> Task to carry out
Only one stretch of the listing below is wanted. Begin at the line that has "Cheap Dark 99.985%", stop after the line that has "Abbfabb Grooming Scissors", and repeat every line in between exactly.

> Data shown
=-=-=-=-=
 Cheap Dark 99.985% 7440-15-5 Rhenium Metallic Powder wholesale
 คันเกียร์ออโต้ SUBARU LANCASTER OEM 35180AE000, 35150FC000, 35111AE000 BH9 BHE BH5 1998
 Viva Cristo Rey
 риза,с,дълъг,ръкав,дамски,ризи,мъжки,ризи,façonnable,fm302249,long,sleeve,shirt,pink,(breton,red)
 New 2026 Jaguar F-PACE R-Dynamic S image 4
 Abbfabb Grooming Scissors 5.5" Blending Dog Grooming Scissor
=-=-=-=-=
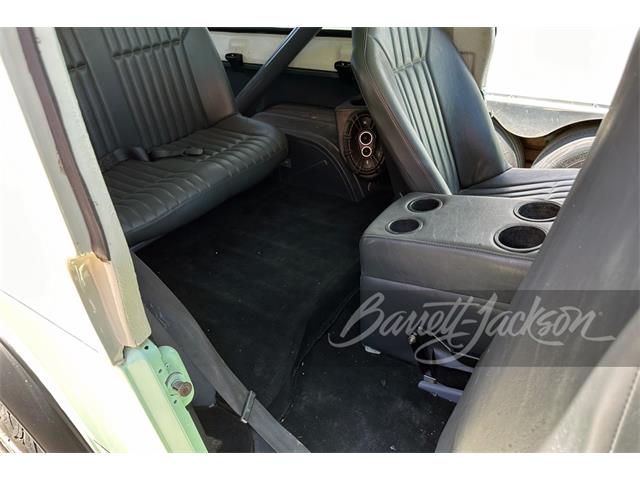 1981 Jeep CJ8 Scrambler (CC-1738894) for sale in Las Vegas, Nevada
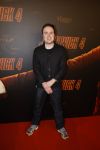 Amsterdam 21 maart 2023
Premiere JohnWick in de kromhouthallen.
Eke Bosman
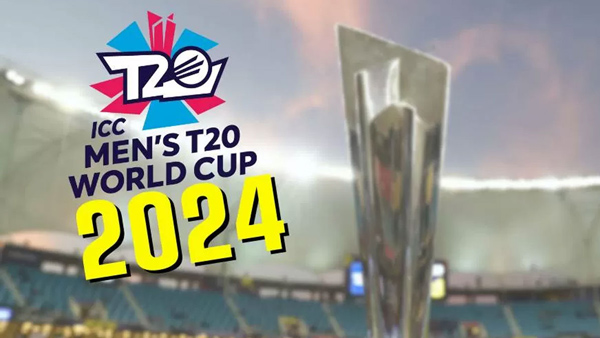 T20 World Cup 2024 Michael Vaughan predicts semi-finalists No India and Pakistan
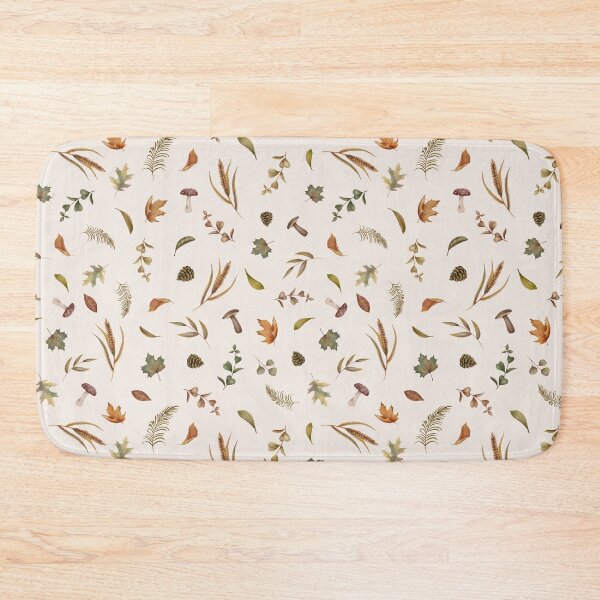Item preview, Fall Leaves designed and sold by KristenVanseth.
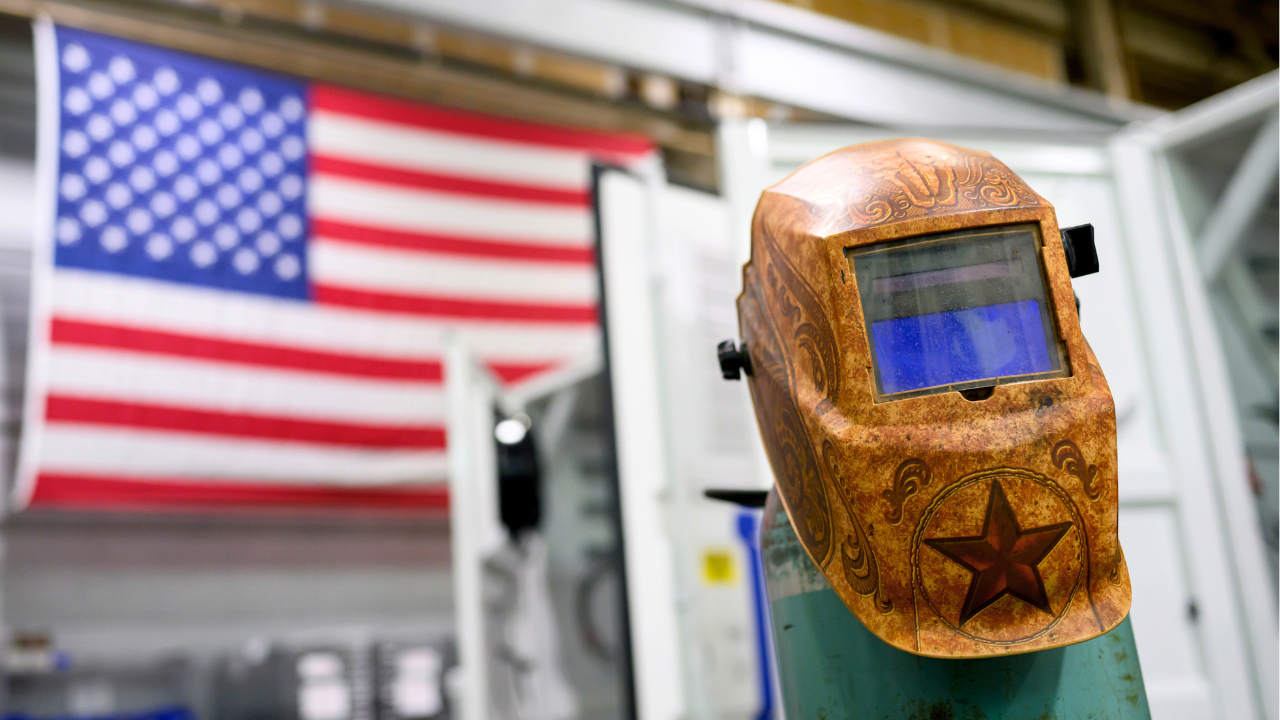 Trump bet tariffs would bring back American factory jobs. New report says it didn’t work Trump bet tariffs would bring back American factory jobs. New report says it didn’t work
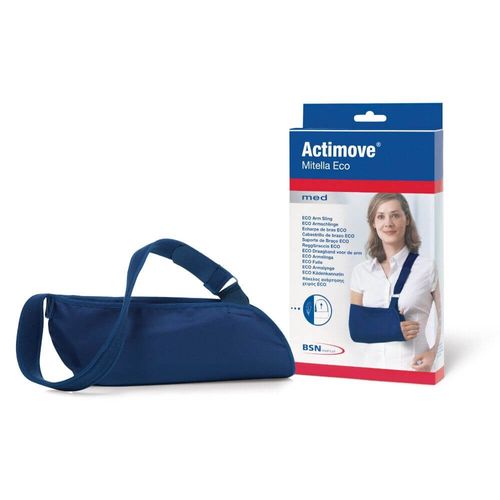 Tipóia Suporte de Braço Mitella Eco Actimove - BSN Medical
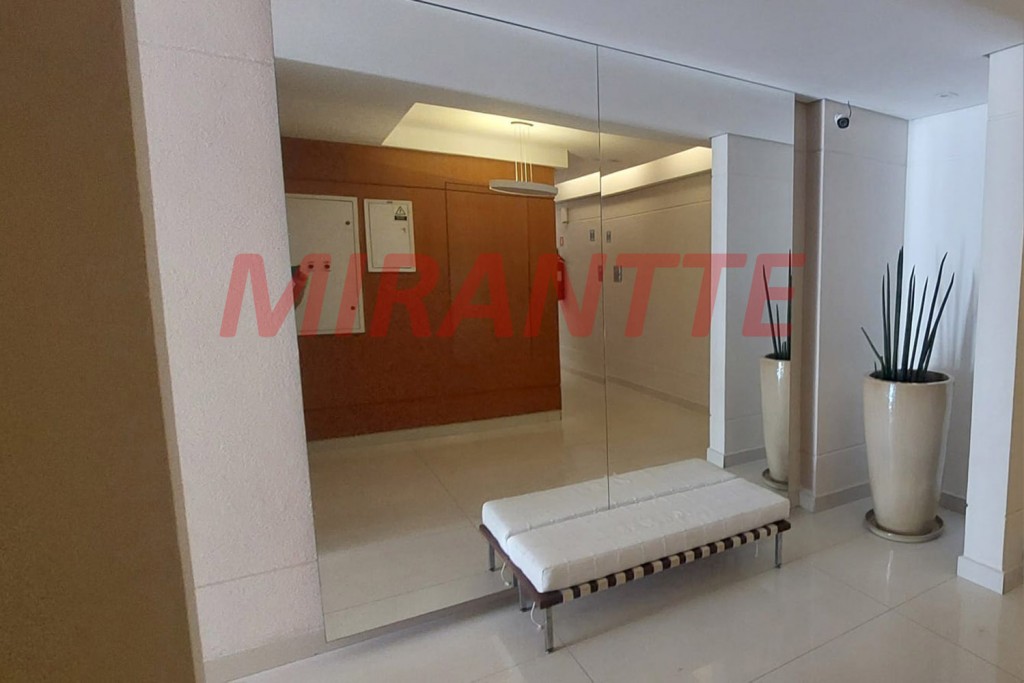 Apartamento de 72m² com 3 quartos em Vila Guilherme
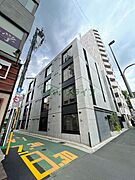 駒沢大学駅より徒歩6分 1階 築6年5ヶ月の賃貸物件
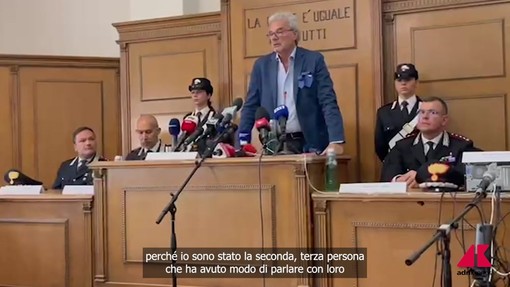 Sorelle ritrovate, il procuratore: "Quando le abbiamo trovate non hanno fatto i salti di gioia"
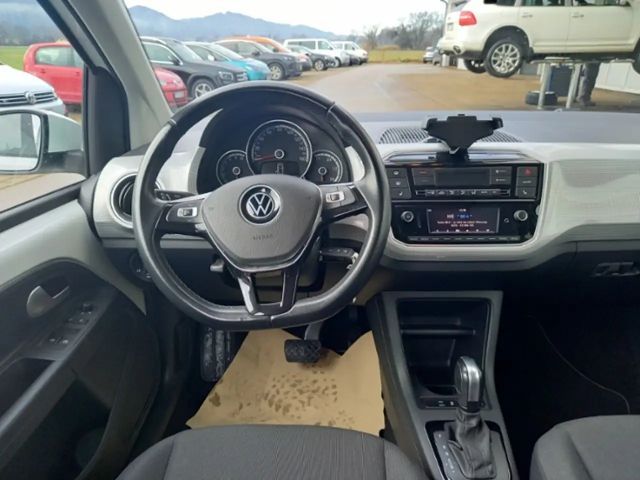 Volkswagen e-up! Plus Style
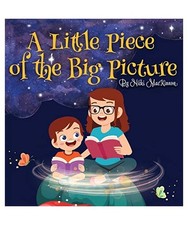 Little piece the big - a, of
=-=-=-=-=
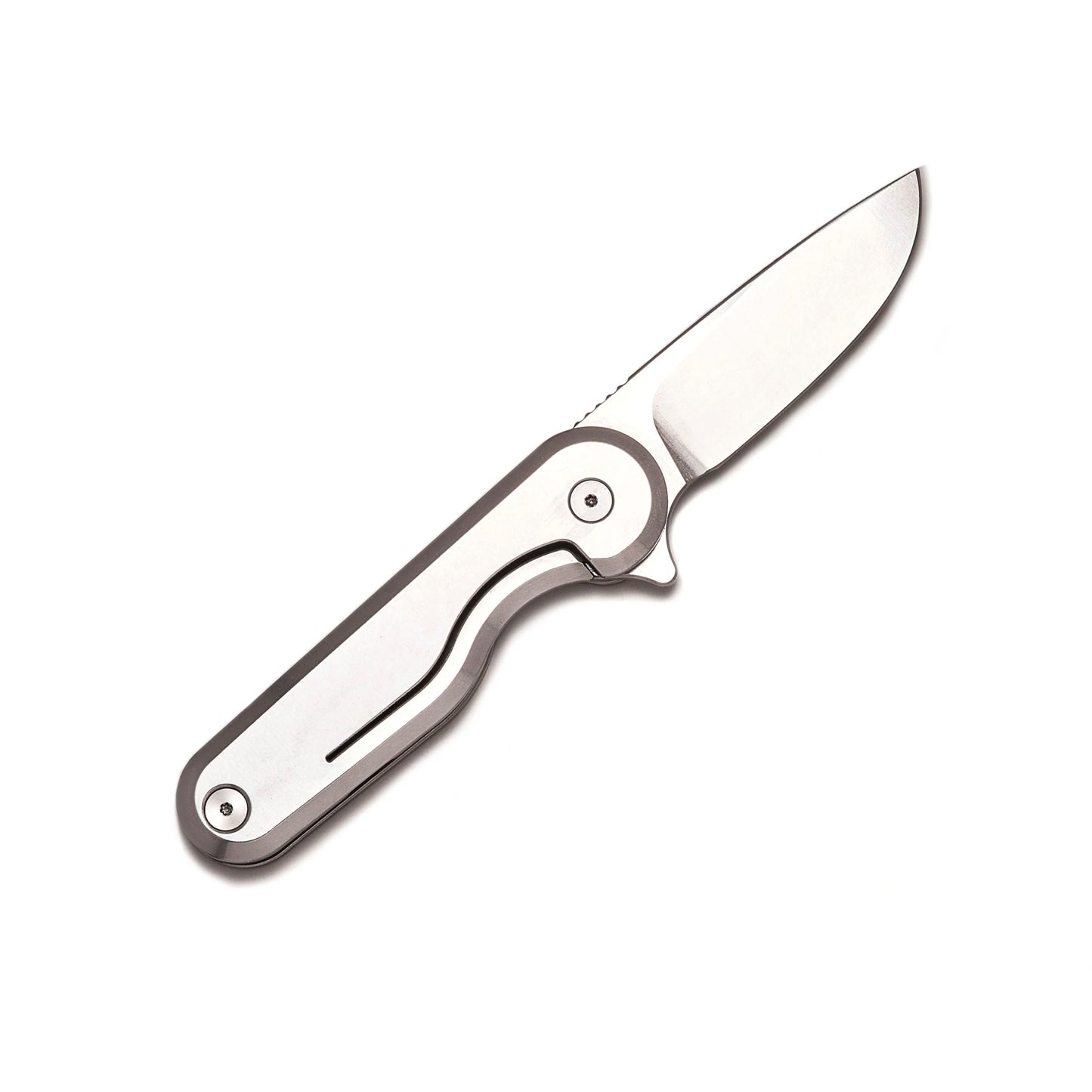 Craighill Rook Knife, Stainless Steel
=-=-=-=-=
> Result of this task
 Cheap Dark 99.985% 7440-15-5 Rhenium Metallic Powder wholesale
 คันเกียร์ออโต้ SUBARU LANCASTER OEM 35180AE000, 35150FC000, 35111AE000 BH9 BHE BH5 1998
 Viva Cristo Rey
 риза,с,дълъг,ръкав,дамски,ризи,мъжки,ризи,façonnable,fm302249,long,sleeve,shirt,pink,(breton,red)
 New 2026 Jaguar F-PACE R-Dynamic S image 4
 Abbfabb Grooming Scissors 5.5" Blending Dog Grooming Scissor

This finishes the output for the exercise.